Well initially I was admiring my new Tumeric Dharmas against some flowers I was working with. I was really taken with the beautiful warm colours of the range, celebrating the rich tones of winter rather than the standard subdued colours normally associated with the winter months. In my work you get to notice all the changes in the season. I am always confused when people think of winter as grey or gloomy when it produces so many vibrant tones and textures.
Tell us more about the strawflower - what drew you to this particular flower for the project?
I have a real love of straw flowers. Xerochrysum bracteatum, straw flowers, everlastings or paper daisies as they are called, are an Australian native. They have the texture of straw (like their name suggests) that means that as they dry and die they maintain their vibrant colour and texture.
I also love the colours they come in. When you buy them, each bunch is mixed in autumn hues ranging from burgundy to orange, yellow and ivory. Their paper like texture combined with the colours gives them an almost metallic finish, so they glisten in the light.
The construction of the garlands themselves looks very involved and of course we always go for abundance in our projects together. How many garlands are featured in the work? How many flowers approximately have been constructed into the garlands?
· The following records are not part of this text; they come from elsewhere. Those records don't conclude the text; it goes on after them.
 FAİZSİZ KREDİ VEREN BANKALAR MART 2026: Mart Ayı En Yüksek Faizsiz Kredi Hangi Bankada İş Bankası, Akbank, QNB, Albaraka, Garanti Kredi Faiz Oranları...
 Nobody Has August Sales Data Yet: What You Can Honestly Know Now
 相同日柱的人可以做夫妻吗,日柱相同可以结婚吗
For this idea to work there needed to be a mass to create impact. Altogether there are roughly 1000 blooms in 18 garlands, each ranging 2m - 4m in length. The garlands are made by stringing the flowers together. Using a darning needle and crochet cotton I pierced the blooms to string them like beads and create the garlands- quite a time consuming (and thumb bruising) processes. I chose to make the garlands in this delicate way so that there was a lightness to the installation, by removing the stems and leaving only the flowers, the focus goes on to the blooms. Because theses straw flowers dry naturally, the installation will maintain its effect for weeks to come.
You have a home based studio that you work from. How do you find the process of working from home? What challenges do you have?
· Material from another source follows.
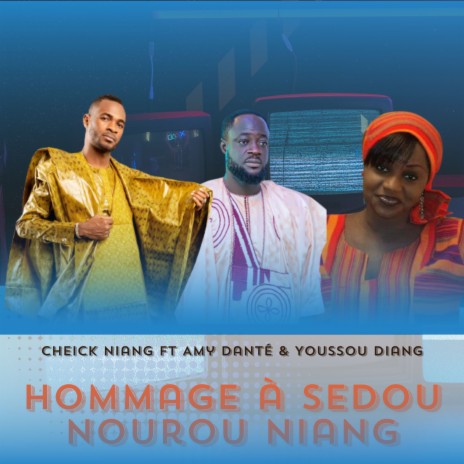 Hommage à sedou nourou niang ft. AMY DANTÉ & YOUSSOU DIENG | Boomplay Music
I have a studio in the backyard on my Northcote home. It is a relaxed set up that works well for me, an old stables and a tool shed that I work out of. I enjoy working from home because the nature of my work means that I have very strange hours. This makes working from home both convenient and challenging. In some ways I find separating my work and personal time difficult and they tend to blur together, there is always more work to do and it's hard to forget that my studio is only a few steps out my backdoor.
Do you have any work rituals based around the physical space of the studio? I imagine you must have a constant stream of arrangements being placed in the space? Or is it like a landscape gardner who has rocks in their front yard i.e no time to create things for yourself?
I find my studio a very relaxing place to be, surrounded by my tools I feel very productive. I like to treat myself to a few sneaky leftovers from each job and try and give myself time to play. It is important that I am make sure I am still creating for myself not just for my clients. I am pretty unsentimental about my arrangements, but that's why I love floristry - it's temporality. When I make something for myself I usually pull it apart and keep playing with it before disposing of the flowers. I treat myself to my favorite, or when things first come into season or if I see something special, some blush tipped variegated carnations, lotus flowers, the first blossom, lily of the valley etc.
We love that you actually met our wonderful Yes!Journal contributing photographer Samee Lapham through a previous project with Radical Yes! and have since begun working together on your own exciting collaborations. Tell us about the other projects you guys have been working on.
Since we met on the Winter Solstice project Samee and I have stayed in touch and become good friends. We have been scheming about a few projects together but most recently we worked on a workshop to raise funds for Sister Works. Together, with Pot and Pan and Gather and Tailor, we ran a flower arranging workshop and Samee documented the evening beautifully. We get along really well and I think our styles compliment each other beautifully and I hope that we keep getting to work together on more beautiful projects!